Epitaxial Films as Model Platform for Understanding Compositionally Complex Electrocatalysts

TL;DR

This paper introduces epitaxial films as a crystallographically-defined model system to study compositionally complex electrocatalysts, enabling detailed structure-activity analysis and advancing rational catalyst design.

Contribution

It presents a method to create epitaxial, multi-element films with controlled composition and surface quality, facilitating correlative multi-scale characterization of electrocatalysts.

Findings

Successful fabrication of smooth, epitaxial Ir-Pd-Pt-Rh-Ru films on sapphire.

Demonstration of nanoscale structure-activity mapping using combined microscopy techniques.

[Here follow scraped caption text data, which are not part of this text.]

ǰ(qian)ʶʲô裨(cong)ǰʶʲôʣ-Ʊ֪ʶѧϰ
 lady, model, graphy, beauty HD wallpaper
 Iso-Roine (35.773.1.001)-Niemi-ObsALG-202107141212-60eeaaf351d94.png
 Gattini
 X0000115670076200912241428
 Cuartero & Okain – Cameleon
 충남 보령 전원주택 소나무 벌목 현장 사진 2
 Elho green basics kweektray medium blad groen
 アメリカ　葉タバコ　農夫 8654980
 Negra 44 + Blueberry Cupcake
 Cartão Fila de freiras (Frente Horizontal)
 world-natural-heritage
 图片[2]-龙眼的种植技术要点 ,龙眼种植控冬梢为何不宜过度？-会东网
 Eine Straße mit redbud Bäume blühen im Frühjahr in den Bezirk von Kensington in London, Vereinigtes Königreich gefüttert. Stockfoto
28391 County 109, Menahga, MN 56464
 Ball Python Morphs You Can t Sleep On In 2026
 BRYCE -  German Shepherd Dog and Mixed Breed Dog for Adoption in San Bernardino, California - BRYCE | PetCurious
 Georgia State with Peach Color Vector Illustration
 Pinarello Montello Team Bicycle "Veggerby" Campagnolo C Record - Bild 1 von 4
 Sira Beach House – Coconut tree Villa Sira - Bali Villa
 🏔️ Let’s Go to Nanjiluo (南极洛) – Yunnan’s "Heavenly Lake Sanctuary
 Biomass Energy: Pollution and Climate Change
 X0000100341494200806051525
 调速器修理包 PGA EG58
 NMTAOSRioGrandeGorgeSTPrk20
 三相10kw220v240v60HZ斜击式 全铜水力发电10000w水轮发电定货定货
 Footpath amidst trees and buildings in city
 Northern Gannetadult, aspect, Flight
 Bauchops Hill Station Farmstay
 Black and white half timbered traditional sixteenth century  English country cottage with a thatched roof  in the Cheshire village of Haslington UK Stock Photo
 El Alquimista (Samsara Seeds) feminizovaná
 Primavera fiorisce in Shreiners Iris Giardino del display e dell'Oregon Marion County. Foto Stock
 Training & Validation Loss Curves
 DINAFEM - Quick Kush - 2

Establishment of a versatile platform for fundamental studies of complex electrocatalyst surfaces.

Abstract

Compositionally complex solid solutions provide a unique route for engineering high-performance electrocatalysts, where the polyelemental surface composition can be seamlessly tuned to optimize activity, selectivity, and stability. However, the mechanistic understanding of these electrocatalysts remains limited by the lack of a model system with a crystallographically-defined surface that is compatible with correlative, multi-scale characterization. Here, we present epitaxial films as a model platform for studying compositionally complex electrocatalysts. Using magnetron sputtering, we realize (111) epitaxial Ir-Pd-Pt-Rh-Ru films on (0001) sapphire substrate via a (111) Pt buffer layer, confirmed by X-ray diffraction and transmission electron microscopy. The growth approach is applicable across a broad composition range and produces smooth surfaces (root mean square roughness < 1 nm) with micrometer-sized grains in the nanoscale films. With these films, we demonstrate direct structure-activity mapping at the nanoscale through precise co-localization using micro-indents and performing correlative atomic force microscopy, electron backscatter diffraction, and scanning electrochemical cell microscopy. Our work establishes a model platform for fundamental scalebridging characterization and paves the way for rational design of compositionally complex electrocatalysts.